The next question was how this man’s title became attached to one of the most ingenious but simple treat in the world. The first mention of sandwich came from the book of Pierre-Jean Grosley, Tour of London or Londres, published in 1770. Grosley’s book stated that the story of the name sandwich came from the journal of Edward Gibbon, the author of History of Rome. According to Gibbon’s journal, he was dinning in Cocoa Tree and men ate cold meat and a “sandwich.”

The men got the practice of a meat between two slices of bread from habits of the Earl of Sandwich. The incident was said to have happened in 1762. The Earl of Sandwich was not just a distinguished government official, but also an infamous gambler. The Earl had strong impulse towards card games. He would invite friends to stay throughout the day and night and play cards. He was so addicted to card games he did not wanted to be bother by eating. He did not like using utensils to eat because it would disrupt his game. And so, the Earl began to order his servant to place a slice of meat between two pieces of bread. It was much faster, cleaner, and easier. In addition, his fun won’t be bother by dinning. He could continue to play and only needed his hands to eat his meals.

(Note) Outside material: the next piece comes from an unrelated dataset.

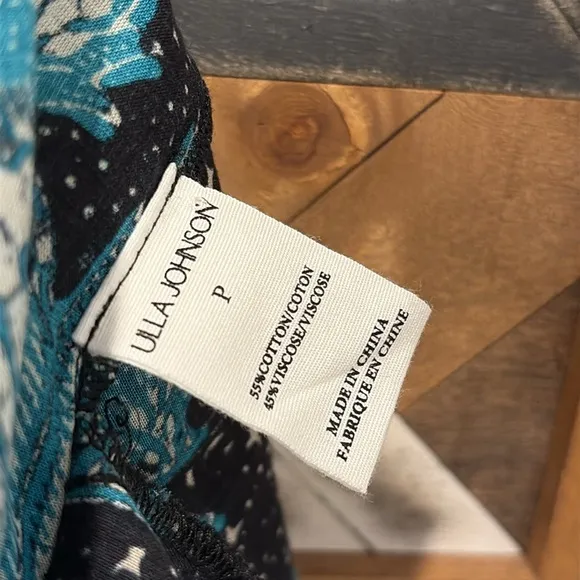 Ulla Johnson Lucca Coverup Dress in Midnight Jade size P / XS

Eventually, talks about the practice of the Earl spread. Men who would eat in the streets of London would emulate the Earls practice and named it after him. When Grosley’s work was published, the name of sandwich got stuck to the meal. Later on, by the 1770’s, the name sandwich was becoming widely use throughout Europe.

It was from a man with great track record that a simple act of eating two or more slices of bread with something in between was named. John Montagu, The Earl of Sandwich, not just the man here Sandwich Island, later the Hawaiian Island, but the man we would always remembered for a nice no-utensil, and hassle-free treat. 

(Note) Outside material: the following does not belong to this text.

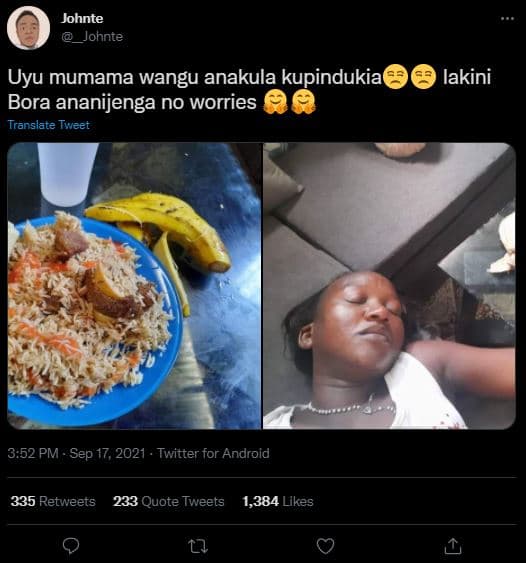 Johnte johnte uyu mumama wangu anakula kupindukia bora ananijenga no worries tra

Boone, J. Around the World of Food: Adventures in Culinary History. Nebraska: iUniverse, 2006.

Hayes, D. & R. Laudan (eds.). Food and Nutrition: Phytonutrients to Soul Food. New York: Marshall Cavendish, 2009.

Newman, G. (ed.). Britain in the Hanoverian Age, 1714 - 1837: An Encyclopedia. New York: Garland Pub., 1997.

Wilson, B. Sandwich: A Global History. London: Reaktion Books, Ltd., 2010.